JENEPONTO, matasulsel.id – Suasana sejuk yang biasanya menyelimuti lingkungan Lembang Loe, Kelurahan Balang, kini berubah menjadi pemandangan yang memilukan. Puluhan pohon peneduh yang telah berdiri kokoh selama puluhan tahun, kini rata dengan tanah. Fenomena ini memicu gelombang protes keras dari berbagai lapisan masyarakat, mulai dari petani, pelajar, hingga aktivis lingkungan yang tergabung dalam Koalisi Masyarakat Sipil untuk Ekologi.

Aksi penebangan ini disinyalir berawal dari upaya pembersihan jaringan listrik. Namun, apa yang terjadi di lapangan justru jauh dari sekadar “pemangkasan”.

“Kami sudah menyaksikan pohon ini puluhan tahun.

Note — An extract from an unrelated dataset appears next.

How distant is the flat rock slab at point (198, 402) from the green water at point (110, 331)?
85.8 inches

Di bawah rindangnya, anak-anak sekolah berteduh, dan petani beristirahat setelah membajak sawah. Sekarang, semuanya hilang hanya dalam hitungan jam,” ujar salah seorang warga yang sempat menegur petugas di lapangan.

Penebangan permanen ini dianggap sangat kontradiktif dengan visi Pembangunan Berkelanjutan (Sustainable Development) Alih-alih merawat aset ekologis, tindakan ini justru mencederai keseimbangan alam di sepanjang poros Jeneponto yang membentang dari perbatasan Takalar hingga Bantaeng.

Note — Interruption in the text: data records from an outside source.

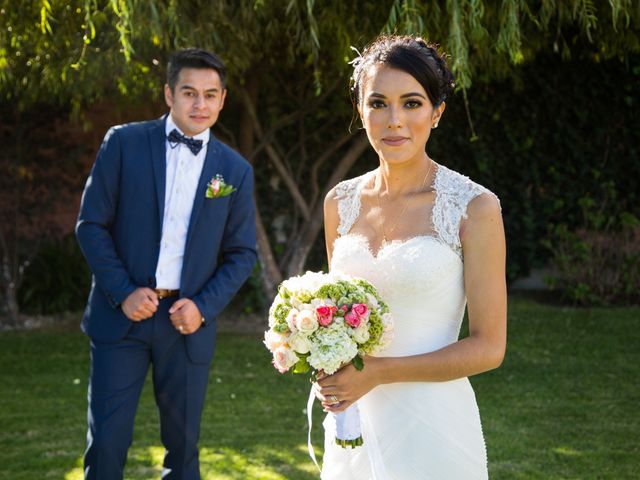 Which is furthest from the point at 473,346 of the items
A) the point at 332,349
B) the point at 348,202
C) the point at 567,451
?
the point at 567,451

Melihat eskalasi penebangan yang terus meluas sejak awal tahun 2026, Koalisi Masyarakat Sipil untuk Ekologi, secara resmi merilis tagar #DaruratPenebanganPohonPeneduh

Pesan ini bukan sekadar luapan emosi, melainkan peringatan serius kepada semua pihak termasuk Pemerintah Daerah untuk segera mengaudit izin dan prosedur penebangan pohon di ruang publik.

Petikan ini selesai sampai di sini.